July 14, 2008 by Curtis Seltzer · 1 Comment 

When you buy land, you need to establish your “basis” for tax purposes. Starting basis is basically your purchase price, plus, perhaps, certain expenses that you incurred.

When you buy real estate, you will often need to allocate basis at the time of purchase among several different accounts, such as improvements (house, barns), timber (separate merchantable timber with immediate sale value from pre-merchantable with future value), minerals and land. The total of these basis accounts cannot exceed your overall basis in the property. Individual basis accounts are set up at the time of purchase, because a landowner often does different things in each account, which increase or decrease the individual account’s basis. As you hold the property, each basis account will be adjusted according to what you do. If you build a bridge, the basis in your land account increases, because it is a permanent improvement in the property. If you sell an acre from your land account, your basis will be reduced. Separate basis accounts can help you pay off a purchase through the sale of some assets. Read more

Land tax policies

June 30, 2008 by Curtis Seltzer · 4 Comments 

Readers might take a look at the two presidential campaign websites to see which candidate appears to understand land issues best (or if at all).

Tax policy is often used by the government to discourage and encourage certain behaviors. How each of us defines the best interest of the country determines what our tax-policy preferences are.

But as a general exercise in seeing what we think, what are your opinions on the following “land issues,” as they relate to tax policies:

1.  Capital gains rate for small (say under $2 million) land investments? Lower, higher, same?

2.  Capital gains rate for large land investments? Lower, higher, same?

3.  Do more, less, or same to help second-home ownership?

4.  More generous, less generous, or same federal tax benefits for conservation-easement donation?

5.  Make it easier for individuals to put retirement savings into land through an IRA and other vehicles?

6.  Should certain types of land improvements be expensed rather than depreciated? Is there a public benefit to that position?

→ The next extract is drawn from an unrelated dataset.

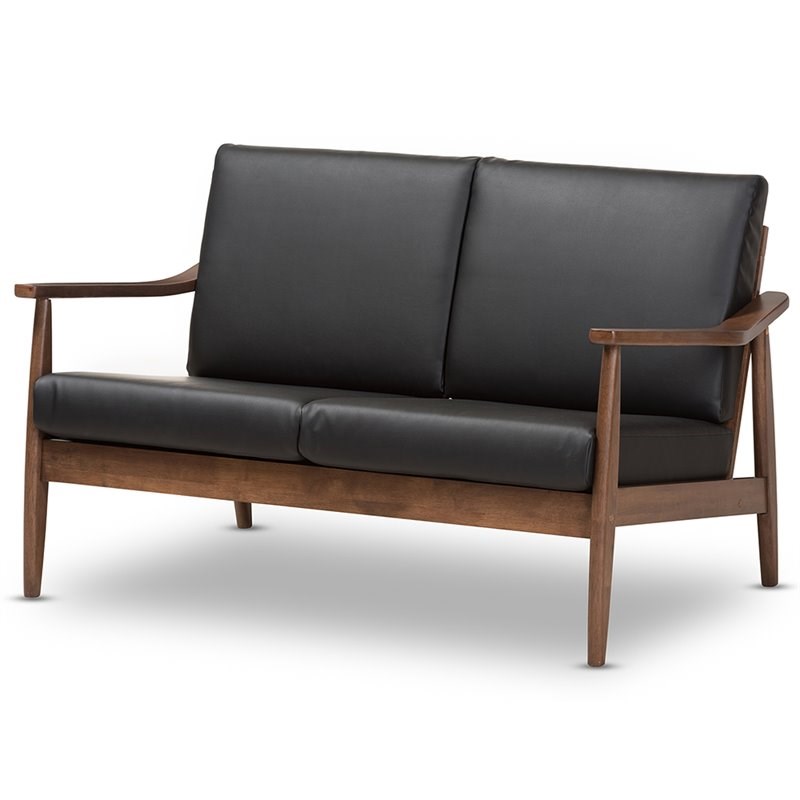 Baxton Studio Venza Faux Leather Loveseat in Black and Walnut Brown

7.  Should the dealer tax policy be relaxed, stay the same, or tightened?

8.  Should division be encouraged, discouraged, or left alone? What types of division?

9.  Should 1031 rules be changed to allow/promote deliberate sequential exchanges?

10. Is there a public interest in promoting small-farm ownership and production that would justify tax incentives for such owners and their production?

11. With the backout of timbering on public lands, should tax incentives be offered to private landowners to mangage woods for timber production and provide a break on timber-derived taxable gain?

12. Should building and use restrictions on floodplain, critical habitat (for endangered species) and wetlands be considered a taking and therefore made eligible for tax assistance?

Other ideas? For and against.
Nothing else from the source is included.